Transurethral Resection of the Prostate (TURP) Versus Original and PErFecTED Prostate Artery Embolization (PAE) Due to Benign Prostatic Hyperplasia (BPH): Preliminary Results of a Single Center, Prospective, Urodynamic-Controlled Analysis

  • Francisco C. Carnevale
  • Alexandre Iscaife
  • Eduardo M. Yoshinaga
  • Airton Mota Moreira
  • Alberto A. Antunes
  • Miguel Srougi
Clinical Investigation

Abstract

Purpose

To compare clinical and urodynamic results of transurethral resection of the prostate (TURP) to original and PErFecTED prostate artery embolization (PAE) methods for benign prostatic hyperplasia.

Methods

We prospectively randomized 30 patients to receive TURP or original PAE (oPAE) and compared them to a cohort of patients treated by PErFecTED PAE, with a minimum of 1-year follow-up. Patients were assessed for urodynamic parameters, prostate volume, international prostate symptom score (IPSS), and quality of life (QoL).

Results

All groups were comparable for all pre-treatment parameters except bladder contractility and peak urine flow rate (Q max), both of which were significantly better in the TURP group, and IIEF score, which was significantly higher among PErFecTED PAE patients than TURP patients. All groups experienced significant improvement in IPSS, QoL, prostate volume, and Q max. TURP and PErFecTED PAE both resulted in significantly lower IPSS than oPAE but were not significantly different from one another. TURP resulted in significantly higher Q max and significantly smaller prostate volume than either original or PErFecTED PAE but required spinal anesthesia and hospitalization. Two patients in the oPAE group with hypocontractile bladders experienced recurrence of symptoms and were treated with TURP. In the TURP group, urinary incontinence occurred in 4/15 patients (26.7 %), rupture of the prostatic capsule in 1/15 (6.7 %), retrograde ejaculation in all patients (100 %), and one patient was readmitted for temporary bladder irrigation due to hematuria.

Conclusions

TURP and PAE are both safe and effective treatments.
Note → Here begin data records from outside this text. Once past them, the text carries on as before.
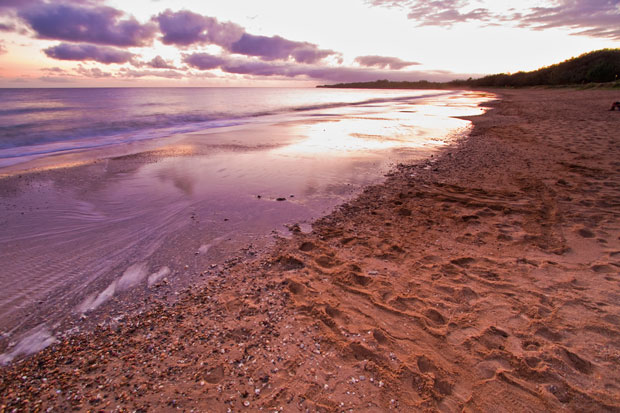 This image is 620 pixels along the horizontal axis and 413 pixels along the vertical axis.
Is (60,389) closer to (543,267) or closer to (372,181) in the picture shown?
(543,267)

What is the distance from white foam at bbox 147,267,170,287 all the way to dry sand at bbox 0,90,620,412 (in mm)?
615

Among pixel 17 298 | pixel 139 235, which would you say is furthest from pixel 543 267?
pixel 17 298

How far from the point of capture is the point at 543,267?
12.0 ft

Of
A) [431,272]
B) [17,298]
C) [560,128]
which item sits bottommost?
[17,298]

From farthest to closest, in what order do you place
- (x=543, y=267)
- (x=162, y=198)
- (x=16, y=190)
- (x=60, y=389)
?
(x=16, y=190), (x=162, y=198), (x=543, y=267), (x=60, y=389)

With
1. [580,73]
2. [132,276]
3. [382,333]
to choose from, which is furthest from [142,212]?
[580,73]

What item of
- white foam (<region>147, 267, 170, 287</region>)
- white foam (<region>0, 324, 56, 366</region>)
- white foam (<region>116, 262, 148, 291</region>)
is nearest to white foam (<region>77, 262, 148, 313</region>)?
white foam (<region>116, 262, 148, 291</region>)

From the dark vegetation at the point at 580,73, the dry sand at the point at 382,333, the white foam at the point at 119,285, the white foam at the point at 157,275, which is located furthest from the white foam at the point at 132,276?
the dark vegetation at the point at 580,73

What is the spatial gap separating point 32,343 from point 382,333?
3372 mm

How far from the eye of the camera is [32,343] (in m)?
2.76

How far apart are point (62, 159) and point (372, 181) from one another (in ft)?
37.9

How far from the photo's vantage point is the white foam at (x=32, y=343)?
103 inches

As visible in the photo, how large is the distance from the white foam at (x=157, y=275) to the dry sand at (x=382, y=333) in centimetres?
62

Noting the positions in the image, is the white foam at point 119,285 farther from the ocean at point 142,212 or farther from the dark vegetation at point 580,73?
the dark vegetation at point 580,73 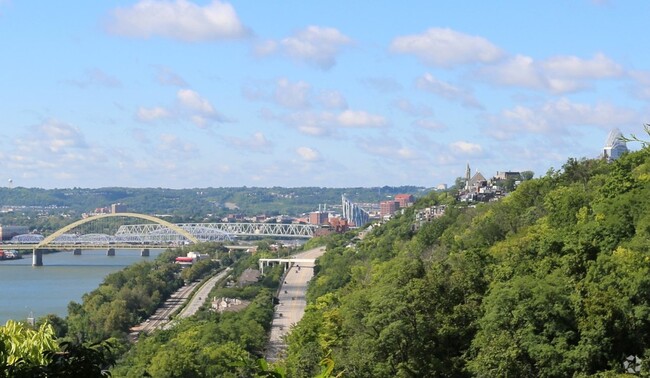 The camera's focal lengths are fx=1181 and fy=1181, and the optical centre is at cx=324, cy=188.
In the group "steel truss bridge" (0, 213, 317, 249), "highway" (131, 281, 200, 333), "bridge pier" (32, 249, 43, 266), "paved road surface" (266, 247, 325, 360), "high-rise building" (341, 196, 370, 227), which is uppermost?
"high-rise building" (341, 196, 370, 227)

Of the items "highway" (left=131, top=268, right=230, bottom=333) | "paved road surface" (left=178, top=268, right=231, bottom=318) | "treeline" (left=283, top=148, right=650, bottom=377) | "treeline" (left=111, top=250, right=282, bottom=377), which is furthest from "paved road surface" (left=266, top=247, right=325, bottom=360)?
"treeline" (left=283, top=148, right=650, bottom=377)

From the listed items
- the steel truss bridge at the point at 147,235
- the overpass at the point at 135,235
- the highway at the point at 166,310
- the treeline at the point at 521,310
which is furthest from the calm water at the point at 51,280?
the treeline at the point at 521,310

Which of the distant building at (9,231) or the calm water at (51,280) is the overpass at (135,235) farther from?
the distant building at (9,231)

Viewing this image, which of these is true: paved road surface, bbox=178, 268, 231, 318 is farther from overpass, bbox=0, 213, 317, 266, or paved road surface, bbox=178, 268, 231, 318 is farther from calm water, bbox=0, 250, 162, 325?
overpass, bbox=0, 213, 317, 266

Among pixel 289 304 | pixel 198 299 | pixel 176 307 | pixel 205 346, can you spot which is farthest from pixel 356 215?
pixel 205 346

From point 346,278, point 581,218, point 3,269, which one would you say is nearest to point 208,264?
point 3,269

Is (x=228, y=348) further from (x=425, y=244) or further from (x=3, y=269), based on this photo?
(x=3, y=269) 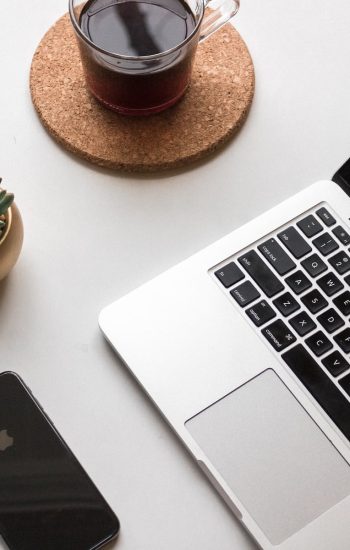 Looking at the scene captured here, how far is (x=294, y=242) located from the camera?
29.1 inches

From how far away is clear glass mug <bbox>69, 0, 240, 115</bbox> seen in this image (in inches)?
28.1

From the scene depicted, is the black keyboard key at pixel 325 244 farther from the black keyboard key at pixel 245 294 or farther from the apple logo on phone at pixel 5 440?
the apple logo on phone at pixel 5 440

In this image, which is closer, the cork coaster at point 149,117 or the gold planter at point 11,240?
the gold planter at point 11,240

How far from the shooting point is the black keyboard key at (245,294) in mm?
720

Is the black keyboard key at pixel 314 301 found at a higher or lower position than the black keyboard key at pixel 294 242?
lower

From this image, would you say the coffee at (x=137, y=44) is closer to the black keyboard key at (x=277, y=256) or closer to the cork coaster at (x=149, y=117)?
the cork coaster at (x=149, y=117)

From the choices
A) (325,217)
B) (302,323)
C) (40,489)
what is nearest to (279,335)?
(302,323)

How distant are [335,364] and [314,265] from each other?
10 centimetres

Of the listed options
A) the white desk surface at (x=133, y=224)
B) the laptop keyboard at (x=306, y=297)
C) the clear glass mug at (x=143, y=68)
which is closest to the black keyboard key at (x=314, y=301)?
the laptop keyboard at (x=306, y=297)

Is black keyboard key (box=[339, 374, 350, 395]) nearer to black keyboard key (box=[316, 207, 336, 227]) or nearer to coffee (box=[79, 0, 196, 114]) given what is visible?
black keyboard key (box=[316, 207, 336, 227])

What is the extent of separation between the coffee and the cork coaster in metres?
0.04

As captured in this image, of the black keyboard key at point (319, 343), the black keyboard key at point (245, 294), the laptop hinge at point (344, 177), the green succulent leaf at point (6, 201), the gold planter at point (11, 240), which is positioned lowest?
the black keyboard key at point (319, 343)

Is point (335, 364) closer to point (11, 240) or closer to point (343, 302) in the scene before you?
point (343, 302)

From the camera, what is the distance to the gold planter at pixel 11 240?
672 millimetres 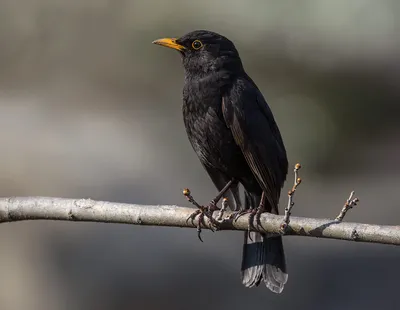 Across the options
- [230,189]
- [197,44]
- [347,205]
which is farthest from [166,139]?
[347,205]

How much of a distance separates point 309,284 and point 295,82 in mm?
4611

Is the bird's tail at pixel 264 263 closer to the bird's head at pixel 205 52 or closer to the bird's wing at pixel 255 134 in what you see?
the bird's wing at pixel 255 134

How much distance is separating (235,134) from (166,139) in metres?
6.67

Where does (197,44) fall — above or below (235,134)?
above

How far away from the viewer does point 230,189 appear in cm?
566

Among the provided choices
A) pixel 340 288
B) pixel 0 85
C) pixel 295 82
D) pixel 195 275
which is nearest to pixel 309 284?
pixel 340 288

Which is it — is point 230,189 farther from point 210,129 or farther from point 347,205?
point 347,205

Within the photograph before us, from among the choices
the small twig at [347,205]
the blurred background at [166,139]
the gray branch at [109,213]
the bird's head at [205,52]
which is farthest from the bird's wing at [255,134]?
the blurred background at [166,139]

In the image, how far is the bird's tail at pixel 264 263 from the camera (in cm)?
546

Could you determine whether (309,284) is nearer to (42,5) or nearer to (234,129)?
(234,129)

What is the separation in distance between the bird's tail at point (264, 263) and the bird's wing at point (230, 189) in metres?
0.13

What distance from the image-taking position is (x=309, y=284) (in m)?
8.22


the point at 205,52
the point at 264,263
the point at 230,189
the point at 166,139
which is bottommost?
the point at 264,263

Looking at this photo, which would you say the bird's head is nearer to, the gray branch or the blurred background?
the gray branch
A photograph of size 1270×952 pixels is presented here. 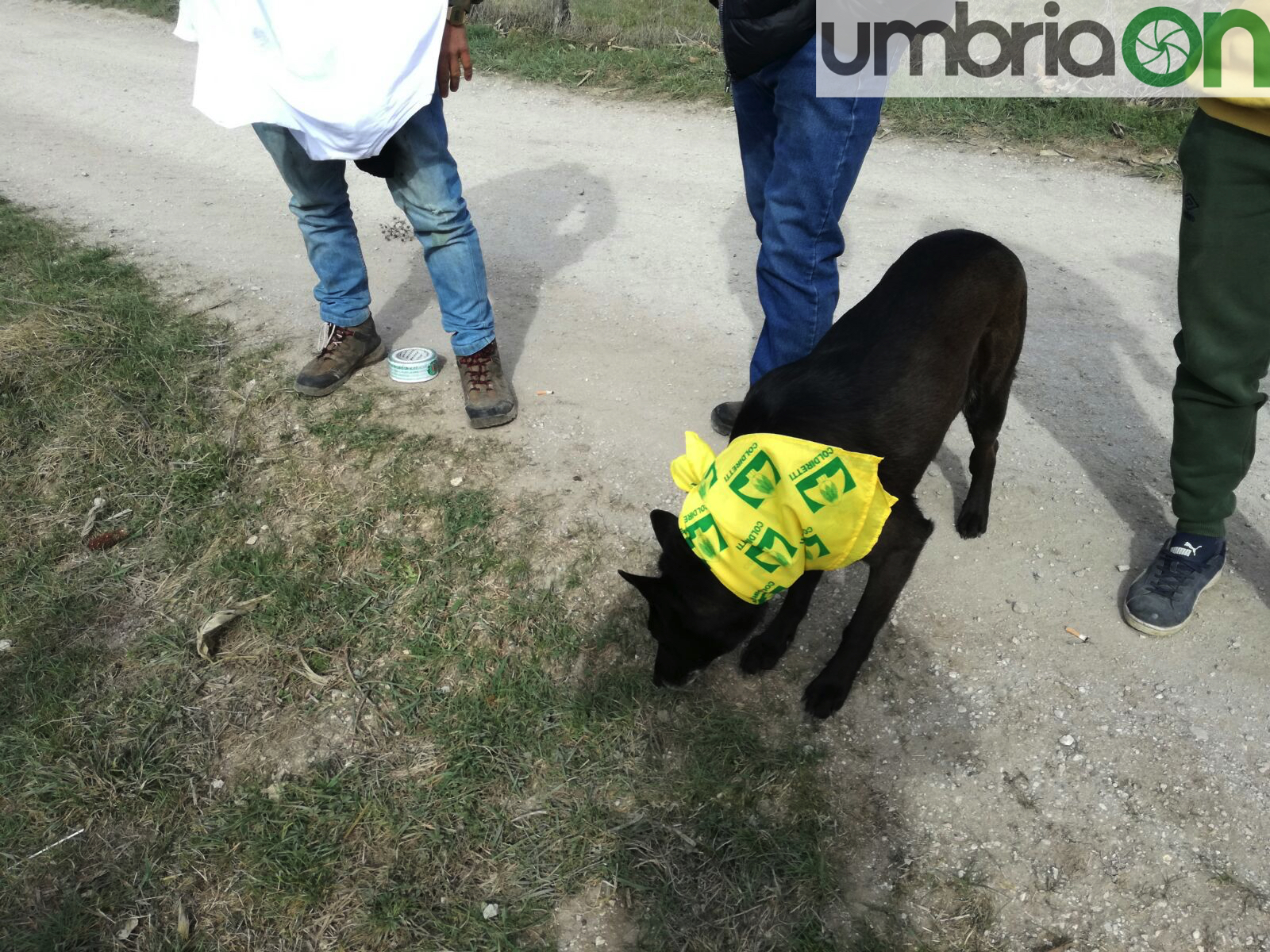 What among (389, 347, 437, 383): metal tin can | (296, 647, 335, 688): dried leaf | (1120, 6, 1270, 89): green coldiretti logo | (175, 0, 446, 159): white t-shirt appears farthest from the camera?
(1120, 6, 1270, 89): green coldiretti logo

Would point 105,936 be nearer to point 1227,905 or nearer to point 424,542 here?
point 424,542

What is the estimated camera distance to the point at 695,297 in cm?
481

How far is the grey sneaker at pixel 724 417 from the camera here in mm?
3766

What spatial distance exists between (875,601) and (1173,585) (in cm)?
102

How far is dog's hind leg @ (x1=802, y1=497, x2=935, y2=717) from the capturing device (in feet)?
8.45

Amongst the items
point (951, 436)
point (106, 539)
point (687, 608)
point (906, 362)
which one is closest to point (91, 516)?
point (106, 539)

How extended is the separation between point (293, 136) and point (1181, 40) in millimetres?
6470

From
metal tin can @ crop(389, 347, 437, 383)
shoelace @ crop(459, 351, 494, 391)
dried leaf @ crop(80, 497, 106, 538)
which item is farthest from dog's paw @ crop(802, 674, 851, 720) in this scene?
dried leaf @ crop(80, 497, 106, 538)

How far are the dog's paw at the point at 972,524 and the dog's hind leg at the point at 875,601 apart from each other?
2.21 feet

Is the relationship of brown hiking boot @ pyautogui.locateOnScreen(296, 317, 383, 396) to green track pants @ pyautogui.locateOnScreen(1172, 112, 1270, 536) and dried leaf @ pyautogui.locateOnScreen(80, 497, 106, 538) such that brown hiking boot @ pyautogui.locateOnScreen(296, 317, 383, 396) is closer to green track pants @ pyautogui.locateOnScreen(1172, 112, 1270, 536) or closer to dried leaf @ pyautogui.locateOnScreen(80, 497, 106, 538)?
dried leaf @ pyautogui.locateOnScreen(80, 497, 106, 538)

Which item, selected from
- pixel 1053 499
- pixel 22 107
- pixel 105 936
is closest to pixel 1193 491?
pixel 1053 499

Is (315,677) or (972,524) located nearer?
(315,677)

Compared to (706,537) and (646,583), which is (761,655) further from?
(706,537)

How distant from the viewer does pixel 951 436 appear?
375cm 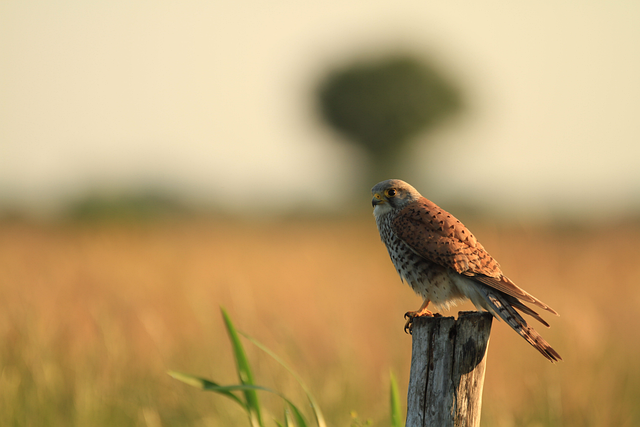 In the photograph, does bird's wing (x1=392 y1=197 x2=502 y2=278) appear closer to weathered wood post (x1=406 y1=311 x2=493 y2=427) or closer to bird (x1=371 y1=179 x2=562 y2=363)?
bird (x1=371 y1=179 x2=562 y2=363)

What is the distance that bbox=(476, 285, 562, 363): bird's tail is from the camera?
2268 millimetres

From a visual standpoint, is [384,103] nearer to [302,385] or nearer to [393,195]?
[393,195]

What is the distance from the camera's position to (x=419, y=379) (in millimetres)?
2361

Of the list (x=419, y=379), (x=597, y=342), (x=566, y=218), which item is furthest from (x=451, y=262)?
(x=566, y=218)

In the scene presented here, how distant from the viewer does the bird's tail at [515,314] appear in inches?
89.3

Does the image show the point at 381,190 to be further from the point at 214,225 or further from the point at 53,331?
the point at 214,225

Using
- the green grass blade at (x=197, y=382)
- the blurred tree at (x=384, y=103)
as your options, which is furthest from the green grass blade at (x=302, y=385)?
the blurred tree at (x=384, y=103)

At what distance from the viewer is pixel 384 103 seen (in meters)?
32.1

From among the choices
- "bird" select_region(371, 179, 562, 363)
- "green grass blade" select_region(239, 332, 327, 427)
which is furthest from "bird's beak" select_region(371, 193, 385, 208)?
"green grass blade" select_region(239, 332, 327, 427)

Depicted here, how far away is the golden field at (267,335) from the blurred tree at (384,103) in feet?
81.0

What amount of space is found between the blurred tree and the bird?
92.8 ft

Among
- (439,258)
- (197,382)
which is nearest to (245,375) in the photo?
(197,382)

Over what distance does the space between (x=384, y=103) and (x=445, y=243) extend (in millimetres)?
30203

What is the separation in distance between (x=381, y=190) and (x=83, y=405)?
2.47 metres
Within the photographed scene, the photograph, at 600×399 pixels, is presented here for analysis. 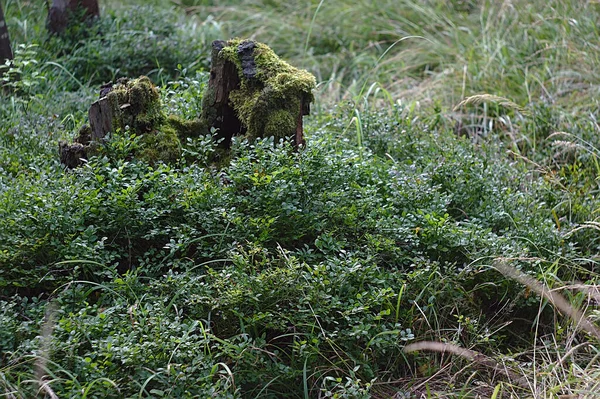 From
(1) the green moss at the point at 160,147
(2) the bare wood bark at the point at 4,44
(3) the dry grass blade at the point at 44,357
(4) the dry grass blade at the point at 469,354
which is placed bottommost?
(4) the dry grass blade at the point at 469,354

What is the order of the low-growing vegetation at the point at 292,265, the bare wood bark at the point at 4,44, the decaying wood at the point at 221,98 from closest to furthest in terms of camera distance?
1. the low-growing vegetation at the point at 292,265
2. the decaying wood at the point at 221,98
3. the bare wood bark at the point at 4,44

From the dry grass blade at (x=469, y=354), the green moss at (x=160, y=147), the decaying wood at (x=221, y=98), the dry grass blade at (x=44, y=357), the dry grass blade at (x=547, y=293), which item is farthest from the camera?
the decaying wood at (x=221, y=98)

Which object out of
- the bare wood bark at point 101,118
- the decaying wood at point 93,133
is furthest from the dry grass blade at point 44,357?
the bare wood bark at point 101,118

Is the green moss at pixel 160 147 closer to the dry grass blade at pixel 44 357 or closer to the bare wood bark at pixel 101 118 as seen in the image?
the bare wood bark at pixel 101 118

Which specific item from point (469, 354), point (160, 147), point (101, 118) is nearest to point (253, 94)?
point (160, 147)

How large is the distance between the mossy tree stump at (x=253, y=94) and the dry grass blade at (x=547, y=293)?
1.28 metres

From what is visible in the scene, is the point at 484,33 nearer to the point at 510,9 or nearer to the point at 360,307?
the point at 510,9

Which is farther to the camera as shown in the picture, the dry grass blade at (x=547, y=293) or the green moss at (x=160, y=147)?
the green moss at (x=160, y=147)

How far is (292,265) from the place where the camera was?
3156 mm

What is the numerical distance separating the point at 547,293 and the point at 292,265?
124 cm

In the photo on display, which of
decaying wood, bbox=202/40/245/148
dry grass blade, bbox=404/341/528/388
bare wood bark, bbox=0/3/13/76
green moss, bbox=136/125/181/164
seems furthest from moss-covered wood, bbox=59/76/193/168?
bare wood bark, bbox=0/3/13/76

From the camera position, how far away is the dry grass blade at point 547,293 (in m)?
3.35

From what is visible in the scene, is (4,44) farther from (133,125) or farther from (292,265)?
(292,265)

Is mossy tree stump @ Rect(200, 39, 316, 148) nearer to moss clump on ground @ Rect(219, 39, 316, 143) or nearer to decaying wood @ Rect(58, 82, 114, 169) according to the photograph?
moss clump on ground @ Rect(219, 39, 316, 143) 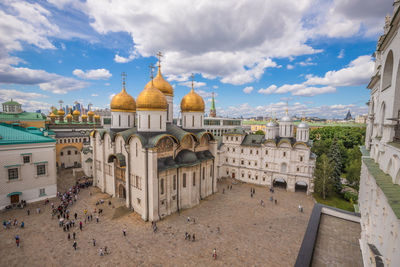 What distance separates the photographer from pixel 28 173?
838 inches

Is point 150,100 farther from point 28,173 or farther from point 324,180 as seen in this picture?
point 324,180

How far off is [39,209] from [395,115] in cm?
2815

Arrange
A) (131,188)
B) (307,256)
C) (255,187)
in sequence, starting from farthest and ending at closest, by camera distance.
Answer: (255,187) → (131,188) → (307,256)

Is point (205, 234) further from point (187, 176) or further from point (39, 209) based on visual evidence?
point (39, 209)

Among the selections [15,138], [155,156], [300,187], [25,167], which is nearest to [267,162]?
[300,187]

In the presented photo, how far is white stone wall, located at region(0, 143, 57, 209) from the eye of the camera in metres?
19.8

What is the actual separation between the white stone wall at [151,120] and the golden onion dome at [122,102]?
5.24 m

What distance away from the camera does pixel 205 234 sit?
54.6 feet

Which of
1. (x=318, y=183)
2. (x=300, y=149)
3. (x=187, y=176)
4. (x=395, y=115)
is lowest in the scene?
(x=318, y=183)

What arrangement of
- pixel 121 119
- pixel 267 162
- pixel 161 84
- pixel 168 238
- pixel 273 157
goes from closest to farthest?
pixel 168 238, pixel 161 84, pixel 121 119, pixel 273 157, pixel 267 162

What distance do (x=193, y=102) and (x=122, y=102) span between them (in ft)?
31.1

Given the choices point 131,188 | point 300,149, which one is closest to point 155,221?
point 131,188

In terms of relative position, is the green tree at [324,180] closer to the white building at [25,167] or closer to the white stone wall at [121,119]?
the white stone wall at [121,119]

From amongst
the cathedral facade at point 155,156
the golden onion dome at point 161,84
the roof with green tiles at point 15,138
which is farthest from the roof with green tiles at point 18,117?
the golden onion dome at point 161,84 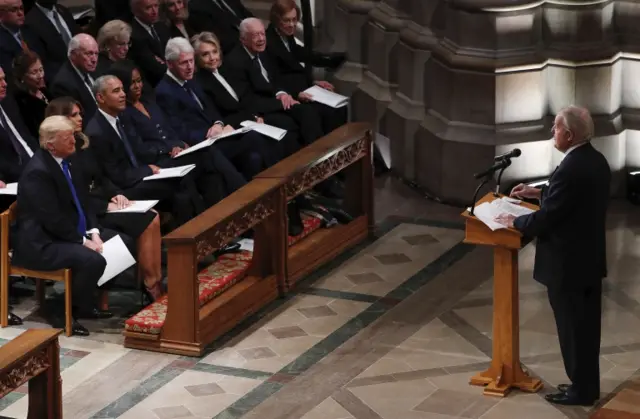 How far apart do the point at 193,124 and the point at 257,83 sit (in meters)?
0.81

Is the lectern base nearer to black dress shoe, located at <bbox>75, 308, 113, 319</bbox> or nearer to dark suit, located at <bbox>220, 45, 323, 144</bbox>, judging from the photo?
black dress shoe, located at <bbox>75, 308, 113, 319</bbox>

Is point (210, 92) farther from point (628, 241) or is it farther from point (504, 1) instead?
point (628, 241)

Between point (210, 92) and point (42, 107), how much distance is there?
4.23ft

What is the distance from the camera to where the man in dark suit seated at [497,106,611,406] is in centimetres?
809

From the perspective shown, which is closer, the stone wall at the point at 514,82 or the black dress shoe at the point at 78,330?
the black dress shoe at the point at 78,330

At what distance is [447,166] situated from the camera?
1209 cm

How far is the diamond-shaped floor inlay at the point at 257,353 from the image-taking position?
9344 mm

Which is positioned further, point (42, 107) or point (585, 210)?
point (42, 107)

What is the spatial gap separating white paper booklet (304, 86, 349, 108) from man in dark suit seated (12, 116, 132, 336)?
2578 millimetres

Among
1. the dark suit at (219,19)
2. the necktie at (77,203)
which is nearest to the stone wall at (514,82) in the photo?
the dark suit at (219,19)

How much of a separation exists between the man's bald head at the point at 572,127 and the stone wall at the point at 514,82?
11.9ft

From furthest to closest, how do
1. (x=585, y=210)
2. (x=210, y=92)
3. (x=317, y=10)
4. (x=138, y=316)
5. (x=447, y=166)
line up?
(x=317, y=10) < (x=447, y=166) < (x=210, y=92) < (x=138, y=316) < (x=585, y=210)

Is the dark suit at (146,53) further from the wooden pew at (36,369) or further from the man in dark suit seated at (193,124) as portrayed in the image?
the wooden pew at (36,369)

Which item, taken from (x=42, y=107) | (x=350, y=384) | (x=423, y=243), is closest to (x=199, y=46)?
(x=42, y=107)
TURP and PErFecTED PAE yield similar symptom improvement, but TURP is associated with both better urodynamic results and more adverse events.

Keywords

Embolization/embolisation/embolotherapy Therapy Prostate Urinary tract 

Abbreviations

BPH

Benign prostatic hyperplasia

BCI

Bladder contractility index

BOO

Bladder outlet obstruction

BOOI

Bladder outlet obstruction index

CT

Computed tomography

Pdet

Detrusor muscle pressure

DRE

Digital rectal examination

DSA

Digital subtraction angiography

ED

Erectile dysfunction

IVA

Inferior vesical artery

IVO

Infravesical obstruction

IRB

Institutional review board

IIEF-5

International index of erectile function

IPSS

International prostate symptom score

LUTS

Lower urinary tract symptoms

MRI

Magnetic resonance imaging

Qmax

Maximum urinary flow rate

oPAE

Original PAE method

PVR

Post-void residual urine volume

PAE

Prostate artery embolization

PSA

Prostate specific antigen

PErFecTED

Proximal embolization first then embolize distal method of PAE

QoL

Quality of life

TRUS

Transrectal ultrasound

TURP

Transurethral resection of the prostate

Notes

Acknowledgments

The authors thank Vanessa Cristina de Paula Rodrigues, Sardis Honoria Harward, and Andre Moreira de Assis for their important collaboration.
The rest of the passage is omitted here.